Guess it's time to pick a few to take home!
Such sacrifices must be made for the benefit of the garden.

 The tomatoes we worked on two weeks ago are growing stronger.

 These crops, which were planted earlier in the season,
will soon be caged to ensure they have proper support.
Lynn's goal is to have tomatoes year-round.
Imagine that!

Scallions were harvested for the farmer's market and they practically sold out.
No surprise there.
We are scheduled to plant a new row next weekend.

The Brussels sprouts will be harvested as is
and the plants will be removed from the pots.
Lynn feels that they won't grow to their potential
and he plans to try them again in the fall 
when weather conditions are more favorable.

I can't tell you how much we've been enjoying the broccoli tips.
They are so tender and sweet,
you just know they have to be good for you!

Collards are selling out at the market as well.

 The arugula is bolting, but hasn't yet become bitter.
This batch under the shade is faring well enough that 
leaves can still be harvested and enjoyed.

 Some of the lettuce is going to seed as well...

but thankfully, there is more to be found elsewhere in the garden.

The New Zealand spinach is just plain tuckered out.
This will be taken out of the pots
to make room for new plants, possibly okra.

This bay of spinach is younger and looking pretty good.

After Faye and I finished making soil,
(that process can be seen here),
the leeks needed to be transplanted.
I'm more than happy to oblige!

As evident by the rootball,
these beauties will relish the extra space to spread out.

Depending on the size of the pot,
we transplanted 3 or 4  leeks.

These are a wonderful substitute for onions or garlic,
for those who enjoy a subtler flavor.

As the leeks grow taller, 
soil is added to the pots.
This ensures an abundance of the tender white portion.

Even if I've just eaten before I arrive,
I always get hungry seeing this array.

As well as tending a tremendous vegetable garden,
Faye and Lynn are the stalwart stewards for a colossal collection
of impressive trees and unusual ornamentals.

Golden Shower Tree

The photos of this hickory tree
really don't do it justice.
The color is unbelievable.

It's one of the resident squirrels' favorite hang-outs.

This eucalyptus tree was knocked over during the hurricanes of 2004.
It survived and you can see the branches growing out of the fallen limbs.

bridal wreath spirea

Regina Iris

Spring came in like gangbusters!
We look forward to savoring the season
with two very dear friends
who have forever changed my life.
Blessings be...

Spring Series
Week Two 

Spring has sprung at 
Farm School.
This week found us enjoying a cool, sunny day
that motivated us to tackle a few vital chores.

 Our status check on the garden always starts the day.

The kale is coming to the end of its run.
It has started to decline with the warmer temperatures,
but will be harvested for market as long as possible.
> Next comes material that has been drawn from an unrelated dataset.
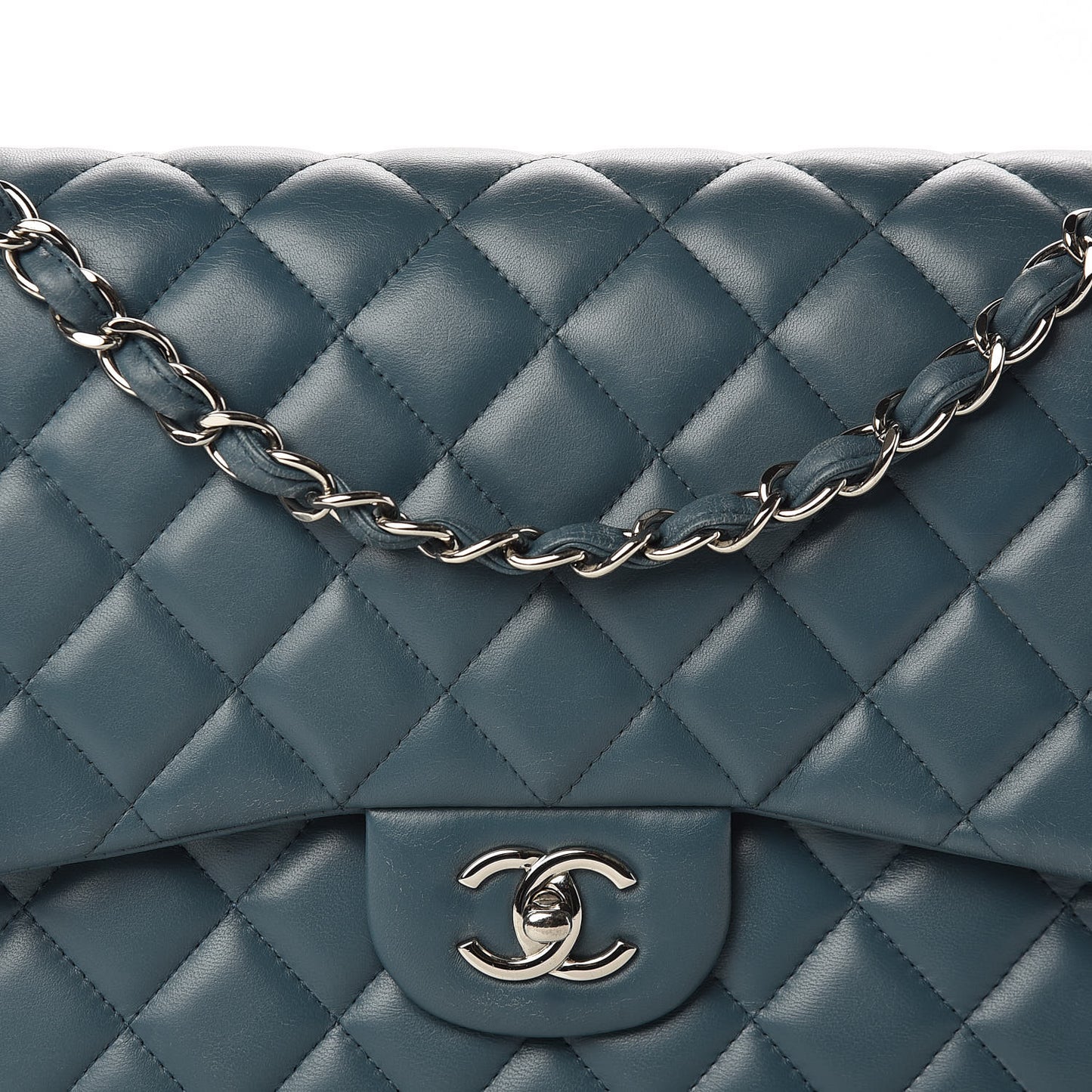 Lambskin Quilted Jumbo Double Flap Light Blue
 Faye and Lynn have been sampling the banana peppers
that have continued to produce.

 The okra that was started a few weeks ago is growing well.
As the cool weather crops wane, 
there are plans to sow many more rows of this heat lover.

 The kohlrabi is just about perfect for pickin'.
Lynn told me that up north, these are one of the fastest growing crops.
With the fluctuation in temperatures here,
 they take a bit longer.

 Tomato Town is exploding with goodies!

These are the Celebrity variety
and they will be gracing our table very soon.

Some are already starting to turn color.

 Some of the Sweet Millions had to be pulled out due to spider mite infestation.
Hopefully, this row will not be affected.

The seed from the arugula that has bolted is being saved.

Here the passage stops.